Я не спешил… Эрих ждал и, пропустив меня, пошёл сзади, насвистывая: «Марианна, хаст ду блонде хааре…», подталкивая меня в спину своей проклятой тросточкой.
Никелированная, тонкая, не толще шомпола, она оставляла кровавые отметины на головах и спинах пленных.
Эрих зря не придёт. Нетрудно догадаться, куда вёл меня Косой. Я видел вопросительные, тревожные взгляды пленных. Многие отворачивали лица.
Мне показалось, что Андрей безнадёжно махнул рукой, когда я проходил мимо.
Асфальтовый дворик окружён высоким каменным забором. Я посмотрел на небо: по нему плыли лёгкие облака, настоящие летние. Может быть, они плывут из Москвы?
В аккуратном домике чистый, будто в больнице, коридор. В конце – дверь.

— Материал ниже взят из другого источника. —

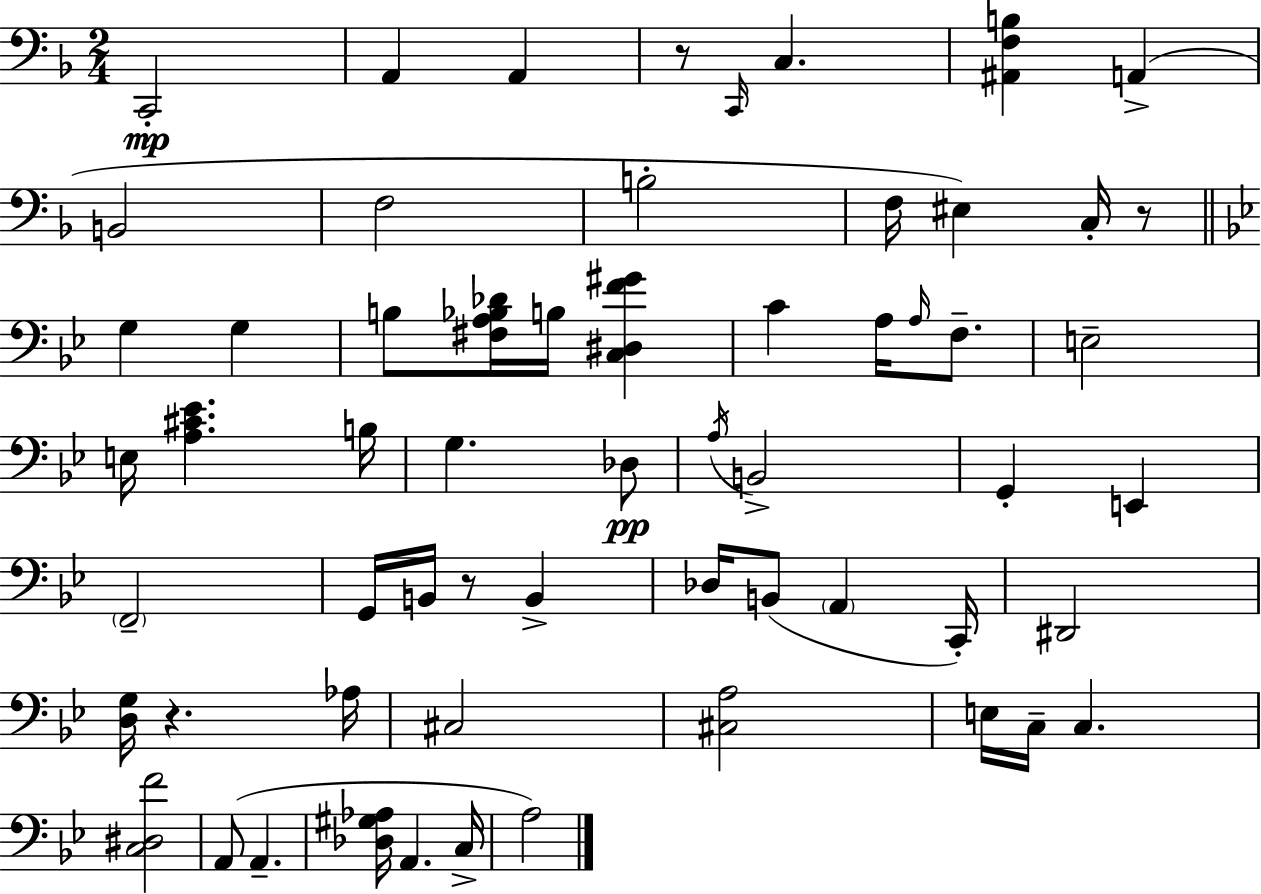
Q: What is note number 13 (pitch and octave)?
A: G3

Вот туда-то и втолкнул меня Эрих.
За столом сидел Беккер. Он был хорошо выбрит и, как всегда, в перчатках. Его тонкие губы на худом бабьем лице плотно сжаты.
Беккер молчал. Я не смотрел на него, и, по-моему, он не смотрел на меня. В комнате был стол, два стула и лампочка над дверью – вот и всё. Дверь двойная, обита клеёнкой.
Я смотрел в угол, вправо от Беккера.
Крепко сжал зубы, унимая противную дрожь.
Вдруг он встал, прошёлся по комнате и остановился близко, почти касаясь меня твёрдой кобурой пистолета на ярко-жёлтом блестящем ремне.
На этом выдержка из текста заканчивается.